What the exercise asks :: Exclude the pictures, then repeat exactly each line from the one containing "Salamat - Elias" to the final line of the records that follow.

───── Excerpted records ─────

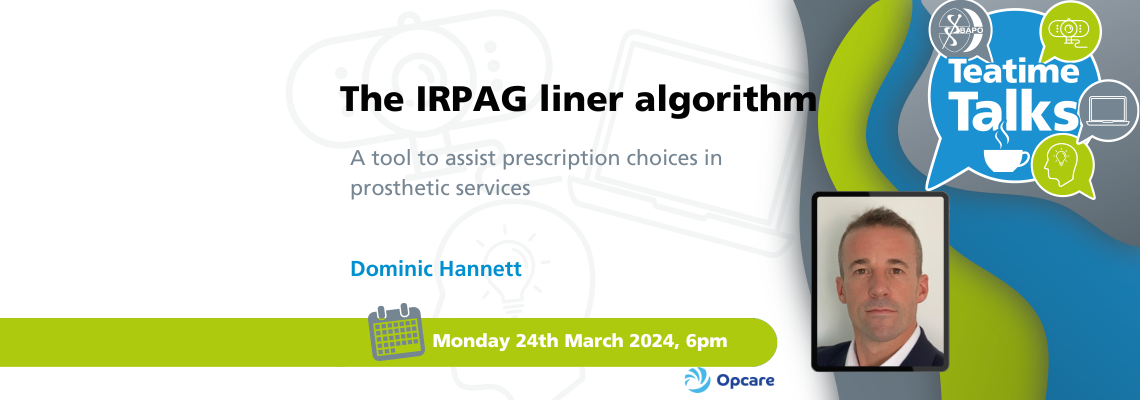 BAPO Teatime Talk – The IRPAG liner algorithm – tool to assist prescription choices in prosthetic services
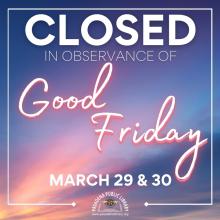 APR2024_ Social Media - Good Friday Holiday Closure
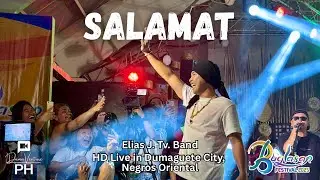 Salamat - Elias J Tv Band LIVE in Buglasan Festival 2025 | Dumaguete City, Negros Oriental 10/19/25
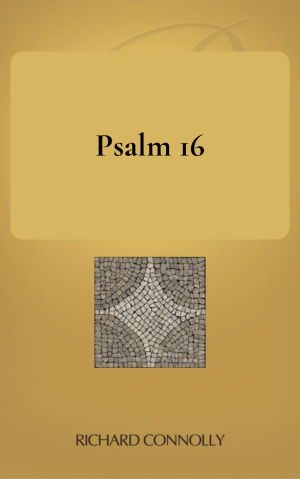 A Cover Image of Psalm 16 by Richard Connolly.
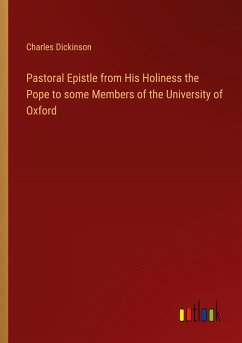 Pastoral Epistle from His Holiness the Pope to some Members of the University of Oxford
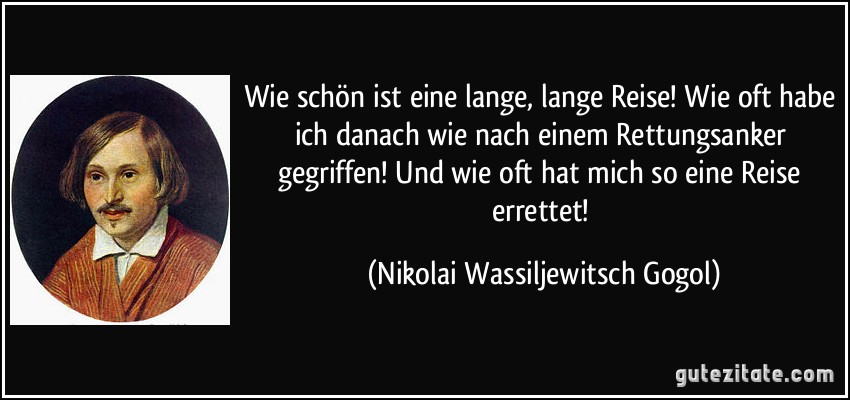 Wie schön ist eine lange, lange Reise! Wie oft habe ich danach wie nach einem Rettungsanker gegriffen! Und wie oft hat mich so eine Reise errettet! (Nikolai Wassiljewitsch Gogol)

─────

Written reply ::
 Salamat - Elias J Tv Band LIVE in Buglasan Festival 2025 | Dumaguete City, Negros Oriental 10/19/25
 A Cover Image of Psalm 16 by Richard Connolly.
 Pastoral Epistle from His Holiness the Pope to some Members of the University of Oxford
 Wie schön ist eine lange, lange Reise! Wie oft habe ich danach wie nach einem Rettungsanker gegriffen! Und wie oft hat mich so eine Reise errettet! (Nikolai Wassiljewitsch Gogol)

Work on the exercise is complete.